Friday, June 08, 2007

School's Out



Burning Bridges.



It's Friday night in San Francisco, warm and peaceful.



Apple's stock just keeps rising. It's now over $124/share. The company's new iPhone, which launches near the end of June, is widely expected to be a success, much like the iPod is. I really wish I hadn't sold 100 shares last year when the stock was in the high $60s. Had I waited, those shares would have appreciated by ~$6,000.

At least I kept most of my Apple Stock, which I bought when it was in the $20s.



I'm not much of an investor. I went headfirst into the market at the height of Web 1.0 mania, and I pretty much lost my shirt.

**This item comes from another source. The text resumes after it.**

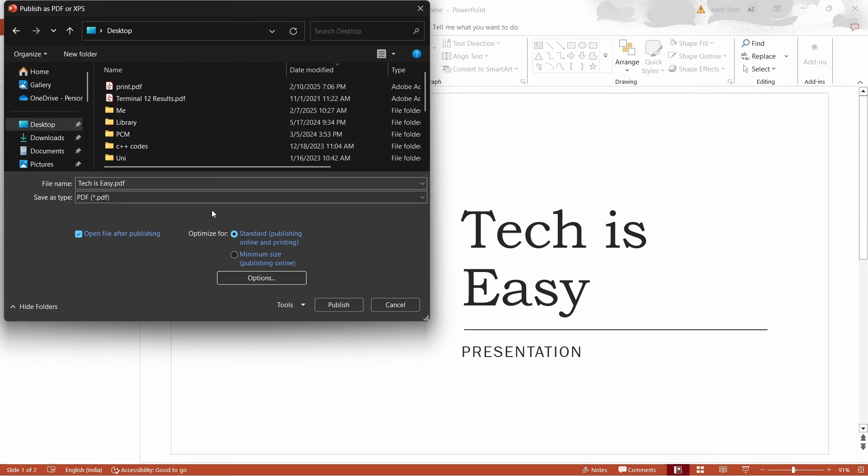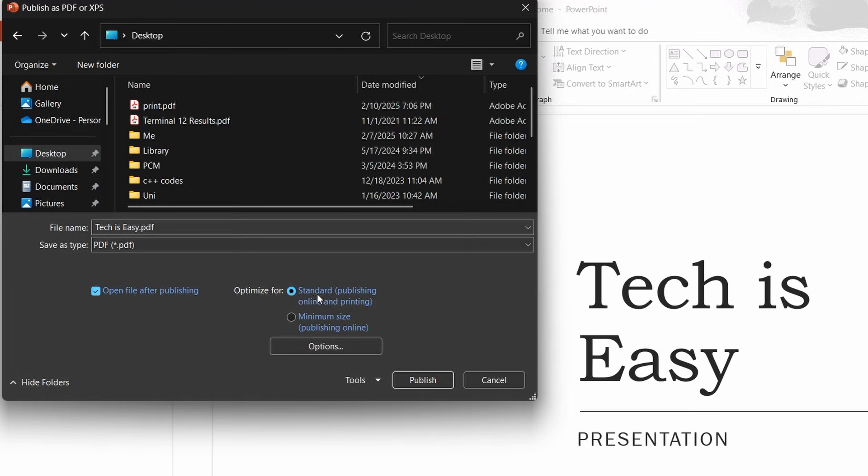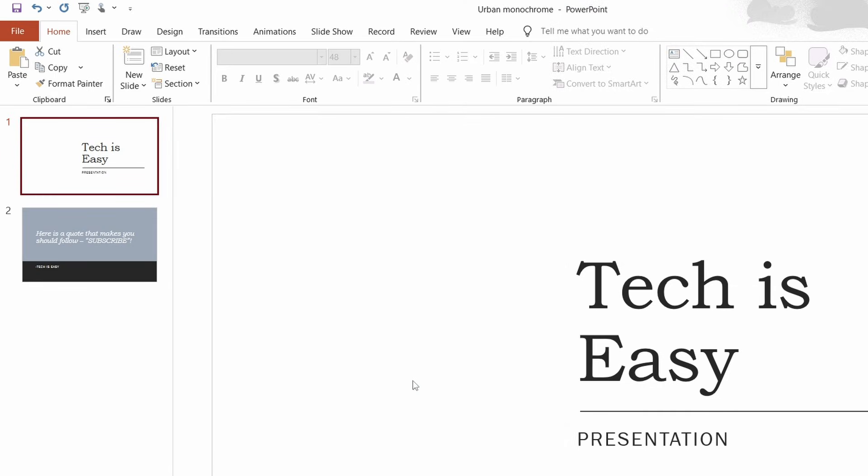You can see the type is a PDF. We have two options: standard, or if you want a smaller size, select the second option. I'll leave it standard for now, and then click on Publish, which is here.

This was brought home to me today when I filled out my form for yet another class-action lawsuit against one of the companies in my portfolio that went bankrupt.

Other than Enron (which I probably would have bought if I'd known about it), I chose almost every big loser of the era. Thus, I've received pennies on the dollar from lots of class-action settlements as the legal system tries to recover a measure of justice for all the small people (I qualify as one) who were essentially cheated by corporate managements that bent the law and cooked their company's books for their own benefit.



Today's form was more emotional than others, because the company involved was Excite@Home, my former employer. Naively, in early 2000, I bought 500 shares of this doomed company when its stock was in the mid-$30s. (Note to my kids: Never, NEVER invest in the company you work for. Trust me. You do not need that kind of redundancy of risk in your portfolio!)

I sold all 500 shares in December 2000 when the stock had fallen to just above $4/share; plus I learned (at the company's Christmas party) that I was to be laid off early in the following year.

Yep, I lost over $15,000 on that foolish investment, along with hundreds of thousands of unvested stock options that would never find a market. Today, to my surprise, I found that I am apparently due to get some $1,200 back from this particular lawsuit, which is a huge amount in matters like these. Even though it hardly makes up for the losses I suffered, it will be welcome in a summer when I have a daughter getting married, and lots of kids' camps to help pay for...



I'm sorry if this has been a rant about my personal economics. Maybe, I'm a bit angry that having reached an age that I could well have retired had not these investments gone sour, I'm instead reduced to filling out boring forms to reclaim a fraction of what I have lost. Others, I know, suffered far worse losses. Unlike me, they didn't have any assets to lose, other than their pensions that their owners cheated them out of in what is truly among the most despicable of white-collar crimes. (Reference: Enron again.)



Today, the school year came to an end. The kids are ecstatic, naturally.



These photos capture more or less what we have been doing around here. Money is really not that much on my mind. The hopes and fears of my kids; the beauty of birds and flowers; the promise of new love always in the air -- these are my focus now.




And, as always, our "family art." We continue to play with colors, shapes, representation, impression, and (courtesy of PhotoShop) distortion.

From us to you, happy first night of summer!